A steam loco is a complicated beast, and it's also an enormously long feedback loop. Most things in a steam loco enginespec have at least two effects - they affect the way something transfers from A to B, so they will affect both A and B. That, coupled with the feedback loop effects, can make a small change have big ramifications, and make tuning a challenge.
Contents |
Research
Not all the relevant data for steam locos is available.
Easy to find:
- The number of cylinders
- The cylinder diameter and stroke in inches
- The operating pressure
Fairly easy:
- The firebox grate area
- The boiler diameter
- The superheater type (if fitted)
- The coal type in use in the area the loco operated
- A basic diagram for the loco, showing where the tube-plates are
- Weight on axles by either individual axle or groups of axles
A little challenging to find, but often available if you look hard enough:
- The firebox heating surface area
- The full heating surface area including the tubes
- The superheater surface area
For notable locos, or if you happen to get lucky:
- An account detailing the performance of the loco. Best is a dynamometer run, but a footplate account (or even a collection of anecdotes from drivers) also works.
What you are highly unlikely to have, but turns out to be vital information:
- Boiler volume
- Steam chest volume
- Clearance volume
- Max flow rates between boiler and steam chest
First Pass
Plumb in the numbers you know. Some maths is required, as what we ask for in the config file is generally never in the units you've found, and we ask for areas and volumes where you will find diameters and lengths.
Number and arrangement of Cylinders
- number-cylinders
Normally 2, sometimes 3 or 4. Very occasionally something else.
- number-power-strokes
Unless you are doing something very very strange, this will be 2.
- piston-angular-offsets
The angles of each piston on the wheel. This allows you to tweak the quartering, which is important for 3 and 4 cylinder locos. Specified in radians around the wheel. For two cylinders, 0.0174, 1.5254 is the standard value.
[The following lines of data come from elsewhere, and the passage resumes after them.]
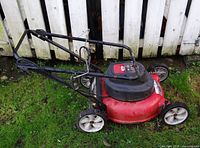 Side view of full MTD electric mower showing deck, handle, wheels
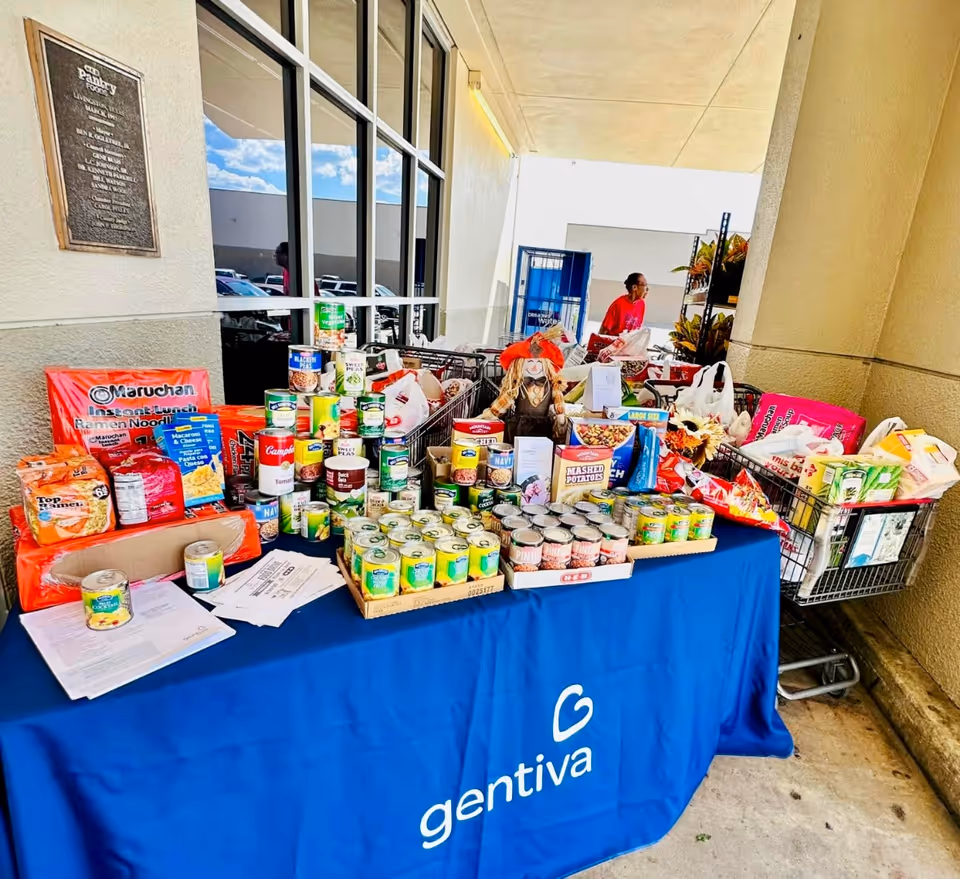 Table covered in blue Gentiva tablecloth displays canned goods and donated groceries outside.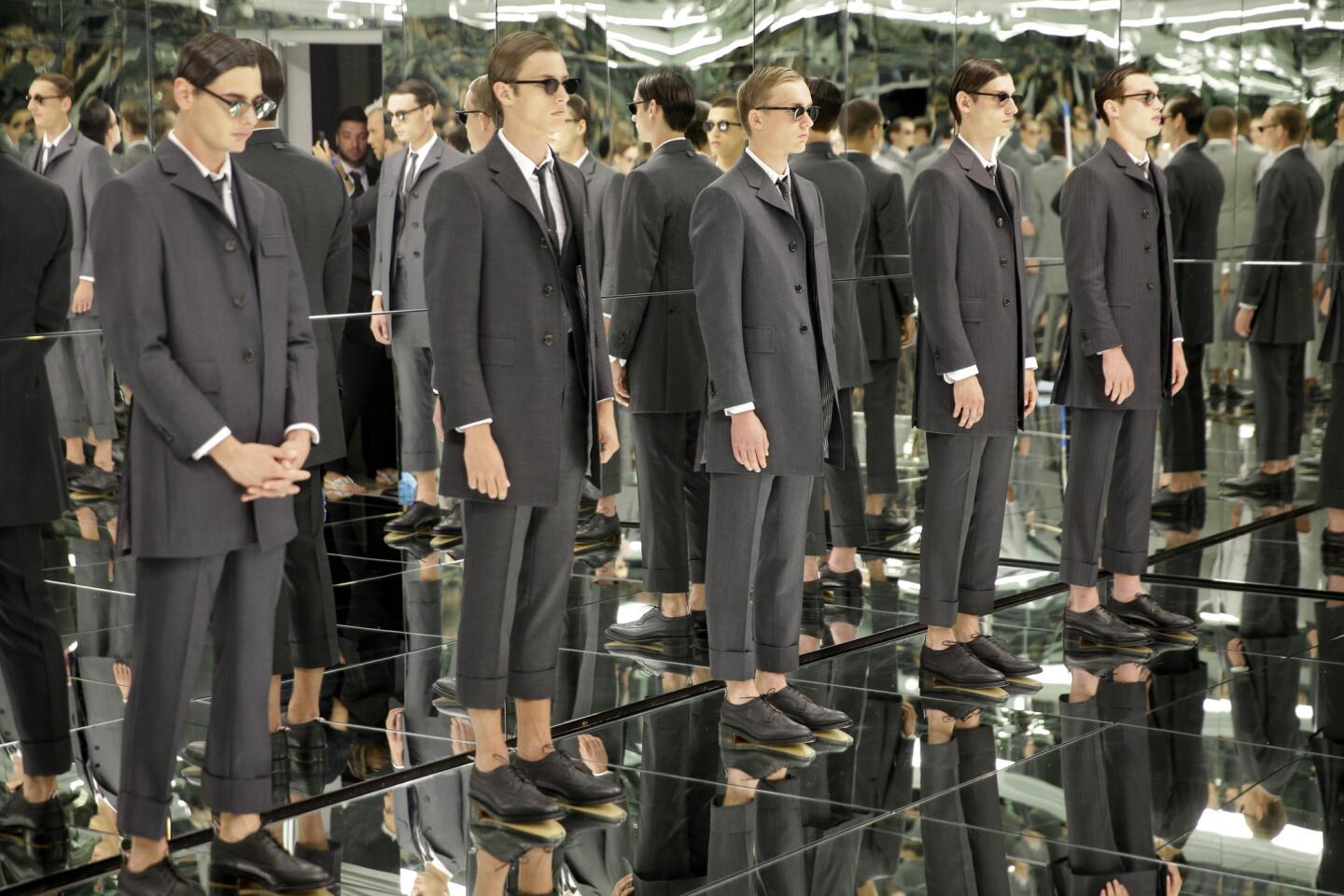 Models display fashions from Thom Browne.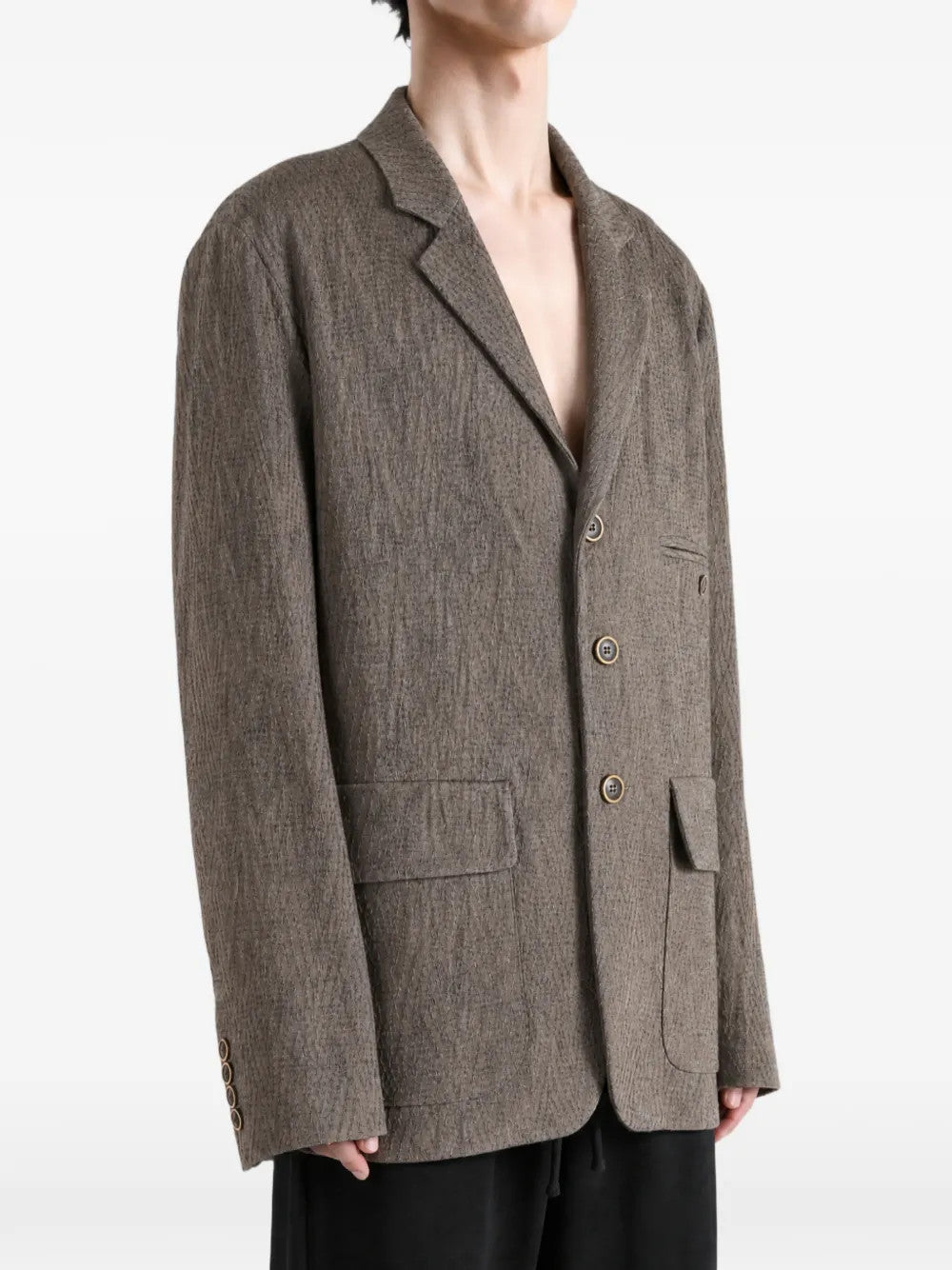 Grey jacket worn by a person, showing the jacket fit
Cylinder diameter and stroke
- piston-area:
Convert diameter to metric (meters). Convert to Radius: Divide by two. Calculate area: Square, and then multiply by Pi.
- piston-volume-min and piston-volume-max:
Convert the piston stroke to metric (meters). Multiply that by the piston-area tag value. This value you have calculated is the *difference* between the two tags. Unless you happen to know the clearance volume (and if you do, you are very lucky) then it's rule of thumb time. Divide that value you just calculated by 10, put that in 'piston-volume-min'. Add the original value to the min value, and put that in 'piston-volume-max'. This gives you a clearance volume of 10%, which is a good starting point for later tweaking. Most front end tuning is done with the clearance volume.
Steam path to Cylinders
- steam-chest-volume
Estimate of piston-volume-max times number-pistons unless you have actual data
- steam-chest-max-flow
Rate of steam from boiler to steam chest when working hard. Start with 200 for a decent size pacific, go up for bigger locos, down for smaller locos.
- super-heating-constant
The temperature difference (technically in kelvin, but as it's a difference, celsius is identical) between saturated and superheated steam. A typical guess so far has been 100 for most superheated locos. If the loco is noted as having a weak superheater, reduce this. If it's noted for having a particularly good superheater, increase this. If it's a saturated loco (no superheat), then use zero.
Boiler
- boiler-volume
Important for the simulation, but apparently never specified anywhere, so we pretty much always have to estimate this. Take the diameter of boiler, convert it to metres. Calculate the area (divide by two, square, multiply by pi). Multiply by this by the length of the boiler between the smokebox tube plate and a point about halfway down the firebox. It's not dead accurate (there are tubes which should be subtracted, the firebox water jacket which should be added, and so on, and we're estimating that the space above the firebox occupies the lower half of that section), but it's close enough.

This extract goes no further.